– Papá, ¿a que tu no te vas a morir?
Muchas madres, muchos padres han oído esa pregunta de sus hijos cuando apenas contaban siete años. Y es que los miedos tienen su edad. Es hacia esos años cuando empiezan a tener una vaga idea de la muerte y ese temor inunda en algunos momentos toda su mente y la viste de angustia. Temen que sus padres se mueran. O temen, muchísimo, a los ladrones. Todo ello por la misma idea. Los ladrones y la agresión se identifican con la muerte en cientos de películas que la televisión les lleva. En esos casos, debemos tranquilizarles. Nunca reírse de ellos. Procurar que sepan que los padres están cerca, que no pasa nada.
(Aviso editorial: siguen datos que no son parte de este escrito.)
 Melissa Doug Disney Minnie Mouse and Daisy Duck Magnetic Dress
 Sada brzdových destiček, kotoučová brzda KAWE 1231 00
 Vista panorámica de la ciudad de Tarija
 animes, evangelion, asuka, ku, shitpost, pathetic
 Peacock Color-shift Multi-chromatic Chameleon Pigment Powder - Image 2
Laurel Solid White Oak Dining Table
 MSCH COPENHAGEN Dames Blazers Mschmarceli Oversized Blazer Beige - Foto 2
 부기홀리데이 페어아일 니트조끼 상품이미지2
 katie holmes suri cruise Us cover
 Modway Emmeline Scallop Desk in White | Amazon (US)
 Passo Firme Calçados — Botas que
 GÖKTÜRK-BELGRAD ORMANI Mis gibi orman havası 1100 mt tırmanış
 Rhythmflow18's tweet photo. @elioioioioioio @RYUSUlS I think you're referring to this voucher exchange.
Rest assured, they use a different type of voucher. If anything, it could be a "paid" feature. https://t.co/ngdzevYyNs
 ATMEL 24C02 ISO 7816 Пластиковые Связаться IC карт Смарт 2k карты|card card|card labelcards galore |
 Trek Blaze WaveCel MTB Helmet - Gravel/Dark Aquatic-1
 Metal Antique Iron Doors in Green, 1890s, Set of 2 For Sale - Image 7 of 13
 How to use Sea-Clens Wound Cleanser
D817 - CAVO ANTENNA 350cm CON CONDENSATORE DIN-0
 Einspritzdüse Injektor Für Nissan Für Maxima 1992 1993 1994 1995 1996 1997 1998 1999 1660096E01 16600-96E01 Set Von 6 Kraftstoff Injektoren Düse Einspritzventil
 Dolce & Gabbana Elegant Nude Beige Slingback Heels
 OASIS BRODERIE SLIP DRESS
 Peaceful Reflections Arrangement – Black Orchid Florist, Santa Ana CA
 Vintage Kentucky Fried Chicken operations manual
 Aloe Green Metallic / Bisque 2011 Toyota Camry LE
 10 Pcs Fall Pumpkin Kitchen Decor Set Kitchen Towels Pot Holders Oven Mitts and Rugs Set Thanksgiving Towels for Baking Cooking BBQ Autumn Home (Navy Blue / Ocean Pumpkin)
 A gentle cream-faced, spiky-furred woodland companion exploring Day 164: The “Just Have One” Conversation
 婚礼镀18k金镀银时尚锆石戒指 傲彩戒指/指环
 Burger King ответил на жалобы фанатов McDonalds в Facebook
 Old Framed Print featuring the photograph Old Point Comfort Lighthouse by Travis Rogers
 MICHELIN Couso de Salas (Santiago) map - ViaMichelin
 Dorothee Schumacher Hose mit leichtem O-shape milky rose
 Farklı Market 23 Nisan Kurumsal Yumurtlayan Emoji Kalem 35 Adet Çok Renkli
También es en esa época cuando empieza el miedo a la oscuridad. Y en este sentido, no puede obviarse que el miedo es una conducta aprendida. Algo se les ha dicho que les hace identificar lo oscuro con algo digno de temor. Lo mejor es acompañarlos e ir demostrando que no hay nada que pueda realmente causarle ni daño ni temor. “¿Ves? No tienes por que tener miedo. No hay nada, no hay nadie”. Acompañarle, ir con el hacia donde teme para que vea que no existe fundamento para asustarse.
¿Y qué hacer si su hijo se quiere quedar con la luz encendida? Simplemente, dejarla encendida. Pero ayúdele a superar ese miedo. Instale en su habitación una luz piloto. Y si viene hacia usted corriendo y llorando porque ha visto a un hombre de negro, tómelo en brazos y vaya con él a la habitación. Demuéstrele que no hay tal hombre de negro. Pero en ningún caso se ría de él o lo ridiculice. Le puede parecer una traición.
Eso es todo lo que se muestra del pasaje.